When I got home from school that day, I told my mother what I had done. I knew that I might lose some friends – some of the more “popular girls” – by asking Mary to join us. At that time, Special Needs children were mixed in with the rest of the kids in elementary school and they generally were seated way in the back of the classroom to minimize any possible disruption.

My Mom listened to me recount how bad I felt for Mary but that I was also fearful that I had possibly made a mistake by extending the invitation to her. Then she hugged me and told me that she was very proud of me for being so kind and pointed out that Mary probably never got invited to anyone’s birthday party before.
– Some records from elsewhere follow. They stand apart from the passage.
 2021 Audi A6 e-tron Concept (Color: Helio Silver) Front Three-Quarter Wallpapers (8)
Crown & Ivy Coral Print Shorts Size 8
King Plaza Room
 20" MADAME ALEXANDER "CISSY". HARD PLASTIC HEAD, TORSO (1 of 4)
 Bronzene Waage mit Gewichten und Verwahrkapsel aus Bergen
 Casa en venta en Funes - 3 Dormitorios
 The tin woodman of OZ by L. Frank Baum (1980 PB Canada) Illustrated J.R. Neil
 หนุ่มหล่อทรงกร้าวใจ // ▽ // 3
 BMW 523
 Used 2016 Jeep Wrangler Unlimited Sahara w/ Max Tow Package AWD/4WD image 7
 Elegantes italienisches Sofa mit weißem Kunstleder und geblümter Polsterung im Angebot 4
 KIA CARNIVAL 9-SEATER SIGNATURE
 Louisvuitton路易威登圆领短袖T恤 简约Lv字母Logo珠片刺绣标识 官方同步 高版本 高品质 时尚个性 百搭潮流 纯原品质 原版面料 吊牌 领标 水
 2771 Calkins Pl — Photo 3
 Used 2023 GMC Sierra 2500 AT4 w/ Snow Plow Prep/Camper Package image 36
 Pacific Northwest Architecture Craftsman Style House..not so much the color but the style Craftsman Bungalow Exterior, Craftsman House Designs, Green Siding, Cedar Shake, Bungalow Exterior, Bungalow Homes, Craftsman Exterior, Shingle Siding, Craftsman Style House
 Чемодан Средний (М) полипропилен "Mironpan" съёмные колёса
In doing so, she helped me realize that compassion was more important than popularity and that what the rest of the kids thought was really not very important.

My seventh birthday party turned out to be a great success. Mary’s mother delivered her to my home and thanked me for including her, telling me with tears in her eyes that she was grateful that I “let” Mary join me. I’ll never forget the gift she presented to me – I actually still have it after all these years. It was a beautiful charm bracelet that reflected the light through a series of sparkling polished crystals. It was certainly the best gift I received that day, but the real lesson was transmitted by Mary, herself, in her happiness in just being present. She taught me how important it was to her to be treated with kindness and respect.

So when conversing with a young child, never underestimate how much they understand or the value they will place on that experience. I will never forget Mary Soulas, the classmate of mine who thanked me through her tears for inviting her to her first birthday party, ever!